Он схватился за стул в качестве опоры и потянулся вверх. Я попытался помочь ему встать на ноги, но гондола ходила ходуном вверх и вниз, и всякий раз, когда я поднимался, меня туг же опрокидывало назад. Я видел, как Пер протянул руку, схватил красный рычаг и потянул вниз. Предполагалось, что после этого воспламенятся разрывные болты, которые отрубят канаты, соединяющие гондолу с шаром. Воздушный шар после этого, теоретически, должен отплыть и утонуть в море, предоставив возможность гондоле остаться на поверхности.
В нашем случае ничего такого не произошло. Пер дернул рычаг вверх и вниз, но болты не сработали.
— Боже мой! — завопил Пер. — Болты неисправны.
Теперь воздушный шар подбрасывал нас на поверхности Ирландского моря, как исполинский пляжный мячик. Меня опять откинуло в сторону, и я ударился о перевернутый край крыши кабины.
— Выбирайся! — крикнул Пер. — Ричард, нам надо выбраться.
Пер бросился к люку, дернул рычаги вниз и толчком открыл его. Шар притормозил движение, поскольку гондола врезалась в воду, и Пер с усилием поднялся и выбрался на поверхность. Как только я увидел, что Пер преодолел проем люка и исчез из поля зрения, я рванулся и последовал за ним по ступенькам вверх. Я обнаружил, что на Пере по-прежнему надет парашют. Мы ухватились за стальные тросы и старались удержаться на качающейся гондоле.
— Где твой спасательный жилет? — крикнул я.
Похоже, Пер не услышал. Ветер вернул мне прямо в лицо мои же слова. Шар накренился под углом, одна сторона его с трудом преодолевала поверхность серого моря. Не было никаких признаков замедления скорости. Позади оставался белый пенный след. Затем порыв ветра подхватил нас, и воздушный шар поднялся с поверхности.
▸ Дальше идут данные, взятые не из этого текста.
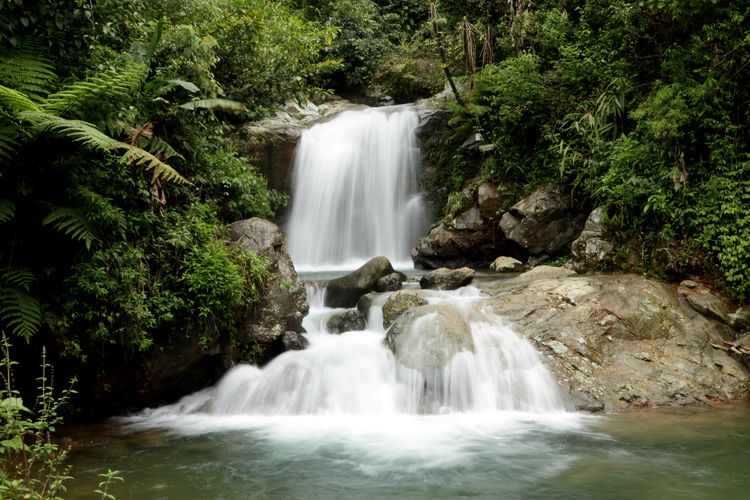 Suasana di Curug Hordeng di Kampung Cibereum, Desa Cibadak, Kecamatan Sukamakmur, Kabupaten Bogor, Jawa Barat, Selasa (27/10/2020). Di kawasan ini pengunjung bisa menikmati wisata curug dan trekking menuju 3 destinasi curug yaitu curug cibuliar, curug kembar dan curug hordeng.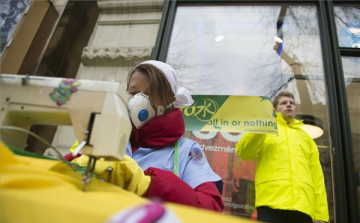 Veszélyes anyagot talált gyermekruhákban a Greenpeace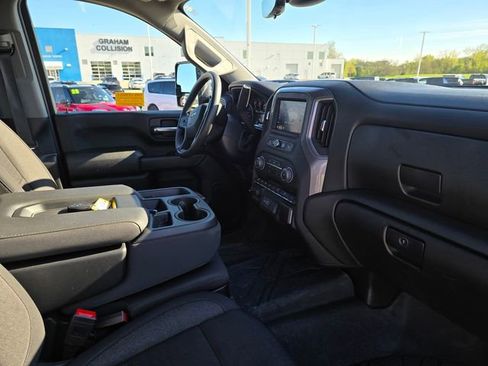 Used 2024 Chevrolet Silverado 2500 Custom w/ Custom Value Package AWD/4WD image 11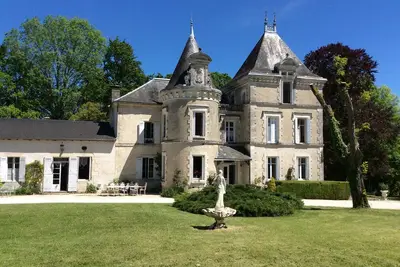 Image de Hâvre de paix! Lumineux château, maison de famille  au milieu d´un parc.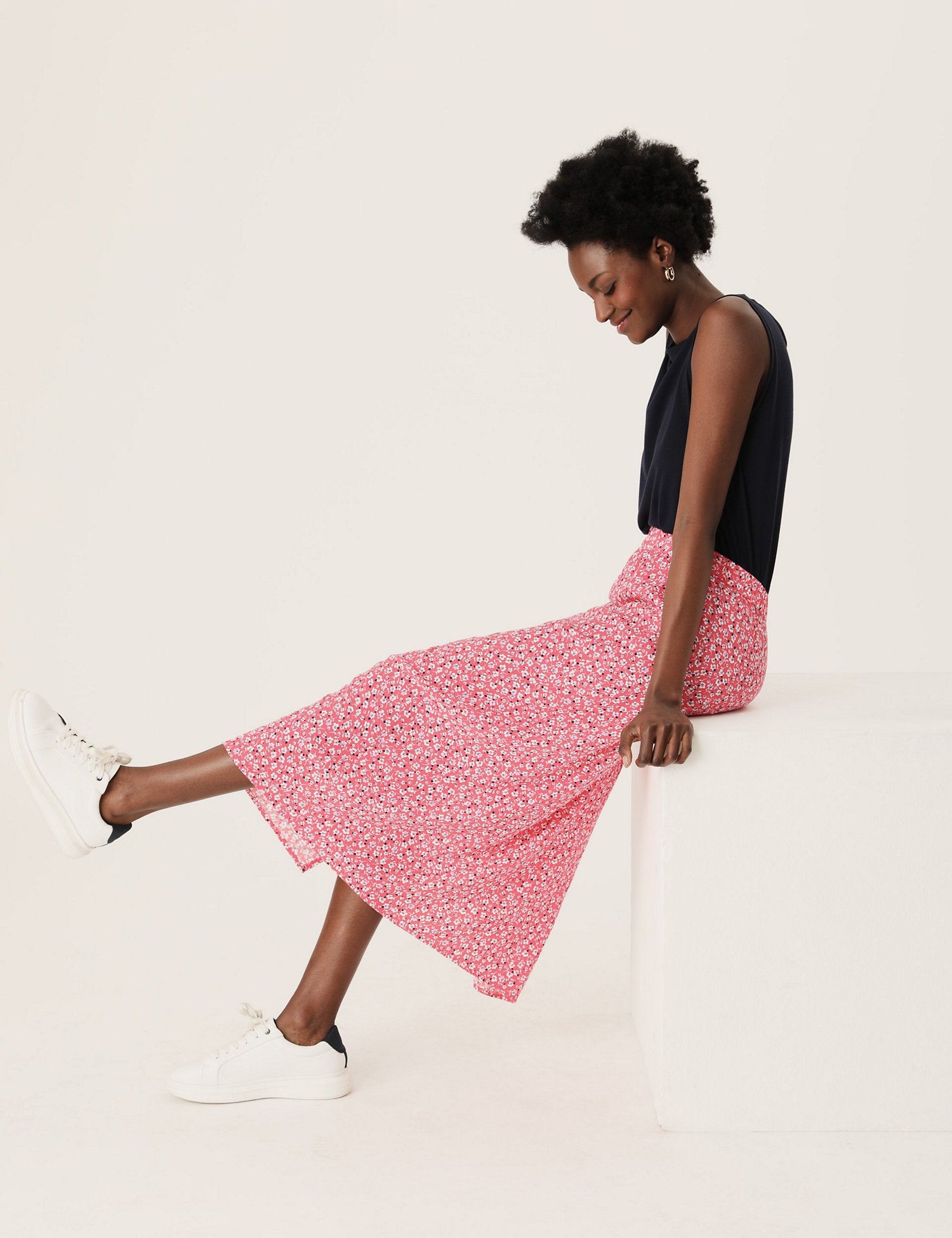 Ditsy Floral Side Split Midi Straight Skirt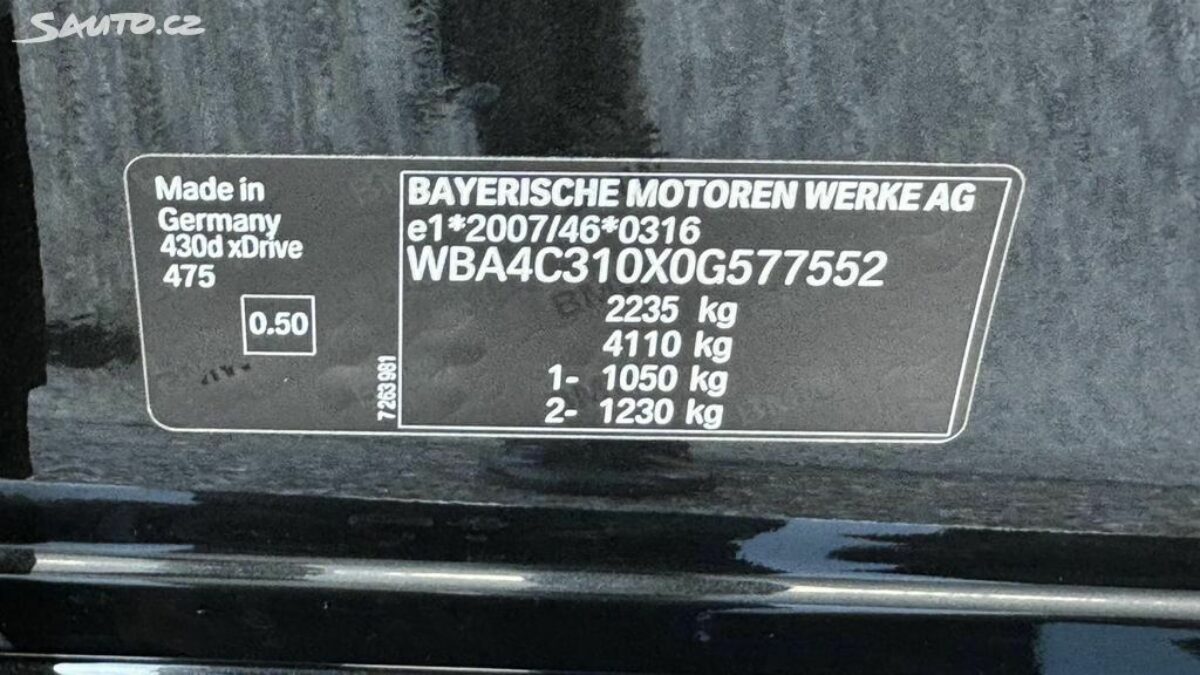 Fotografie vozu - klik pro zvětšení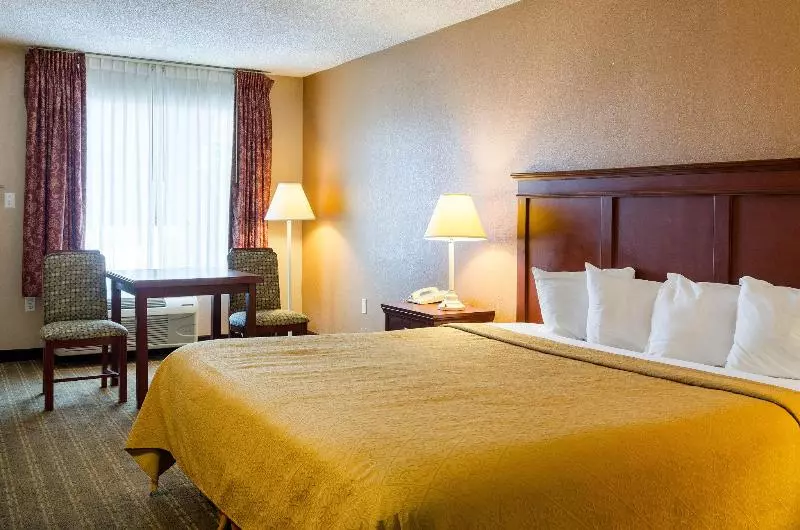 酒店 Quality Inn Louisville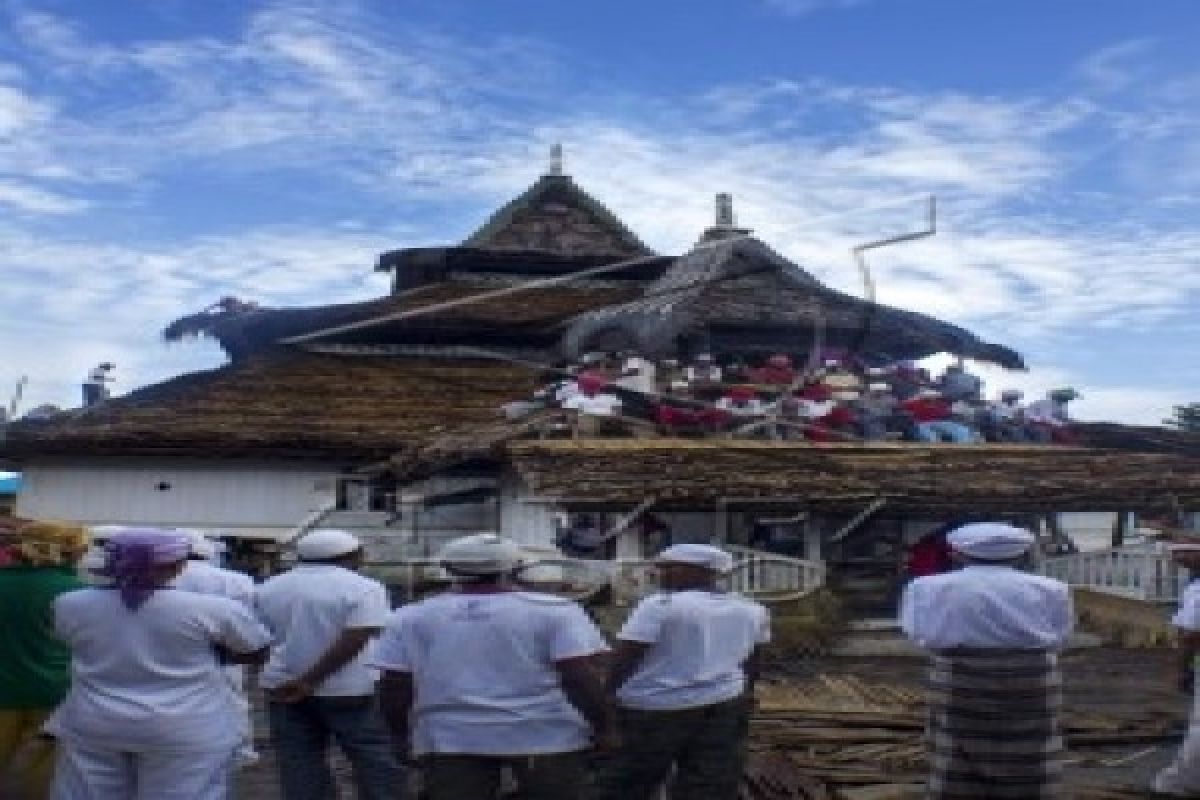 Masyarakat Negeri Larike masih merawat tradisi 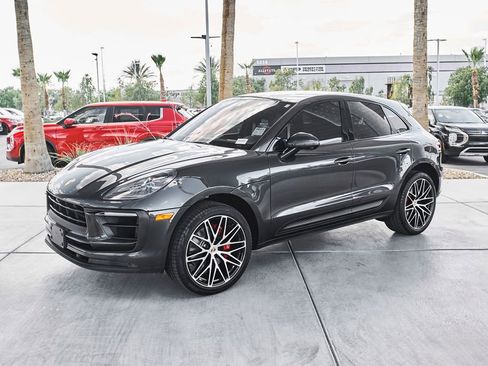 Used 2022 Porsche Macan S AWD/4WD image 5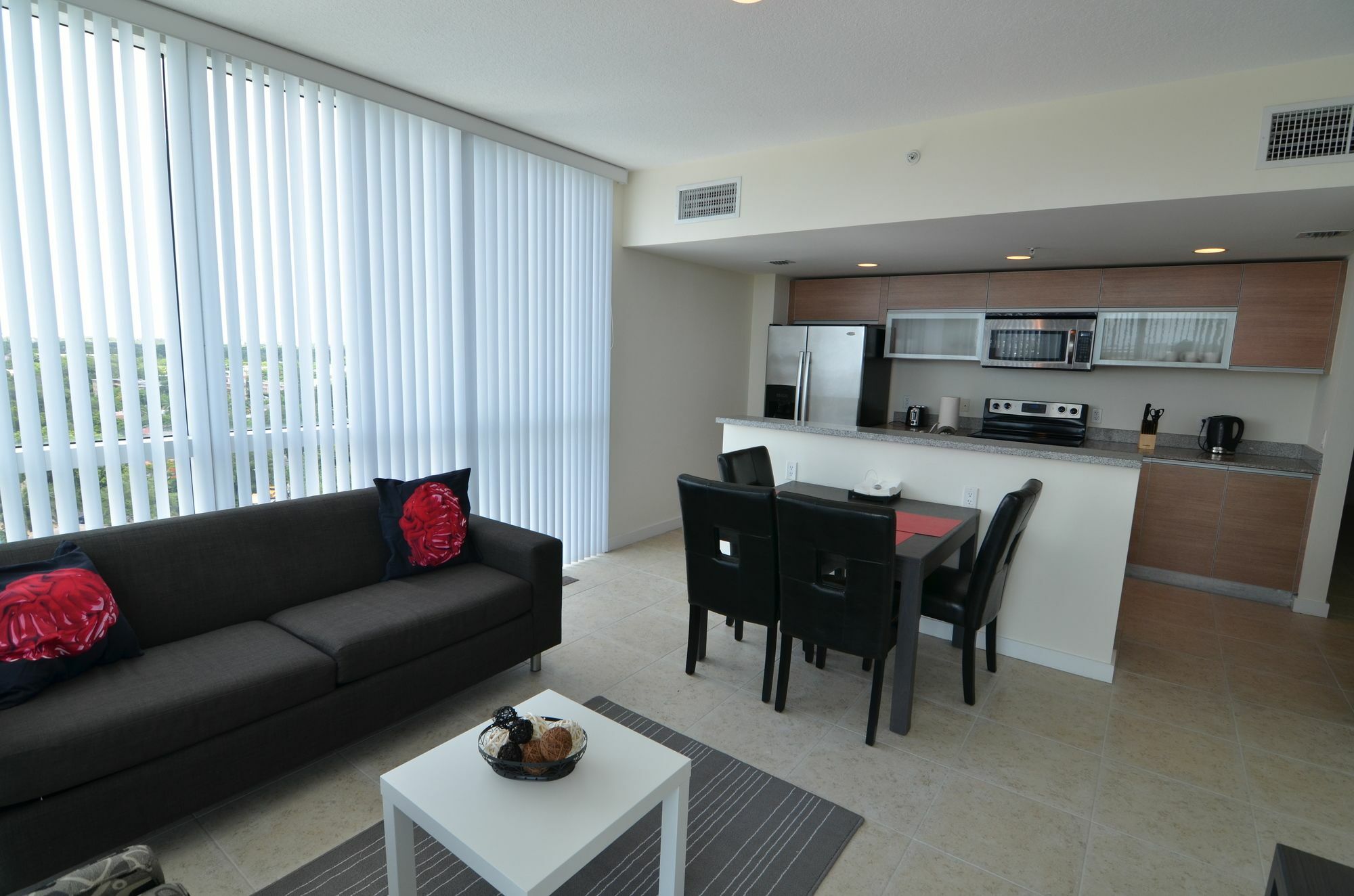 Riviera Luxury Living At River Oaks Marina And Tower Miami Exterior photo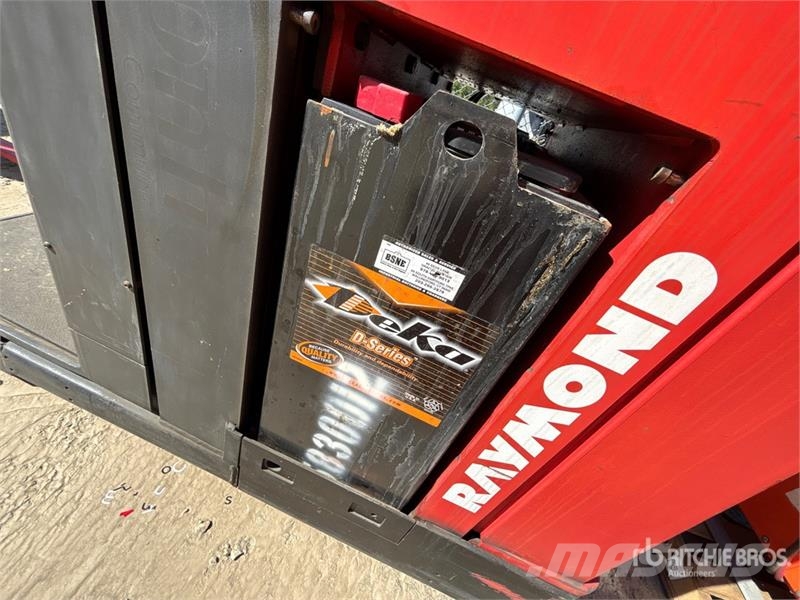 Raymond EASi-OPC30TT 3000 lb Order Picker (Inoperable) Medium lift order picker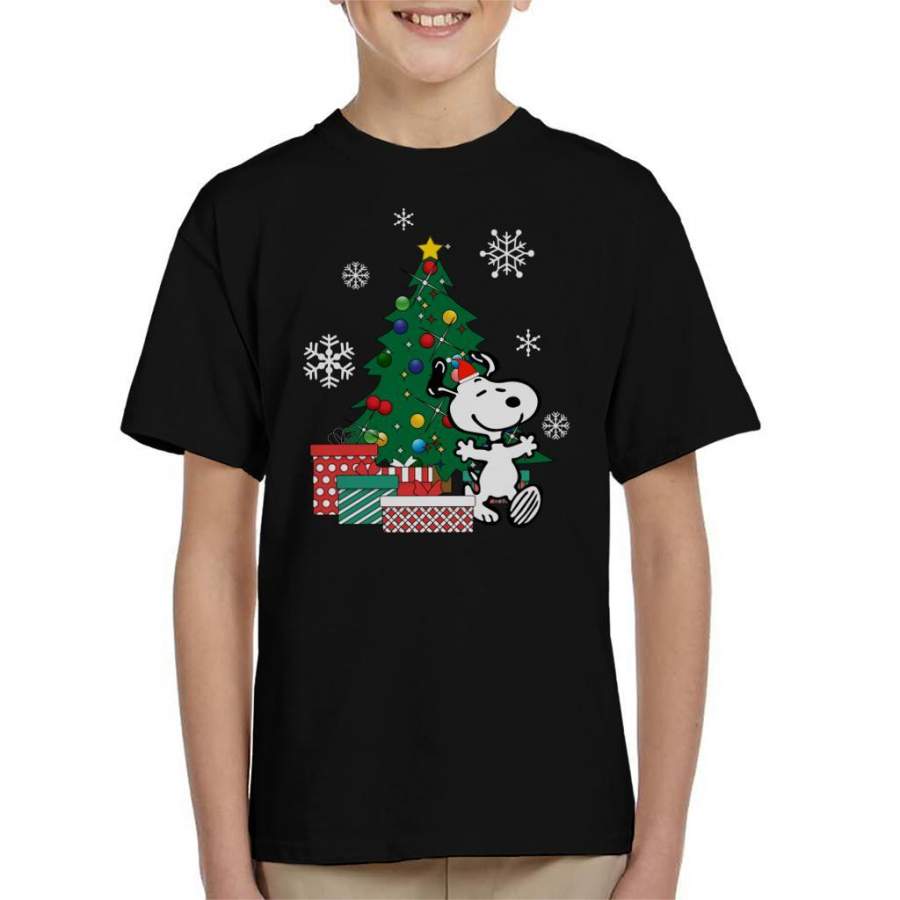 Happy Snoopy Around The Christmas Tree Kid’s T-shirt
Пер бросился с крыши гондолы в черную холодную воду. Казалось, это не меньше 100 футов. Я был уверен, что он разбился.
Я медлил. Потом с ужасом понял, что уже слишком поздно. Без Пера огромный воздушный шар взметнулся ввысь. Я чуть было не опрокинулся через край гондолы, поскольку она качалась под шаром, словно маятник. Пригнулся, схватился за ограждение и наблюдал, как море исчезает подо мной. Я быстро поднимался и не мог видеть Пера. Сейчас, когда шар плыл по ветру, и гондола больше не испытывала сопротивления воды, он был намного уравновешеннее. С возрастающим ужасом я наблюдал, что вхожу в плотное облако и перестаю различать что-нибудь вокруг.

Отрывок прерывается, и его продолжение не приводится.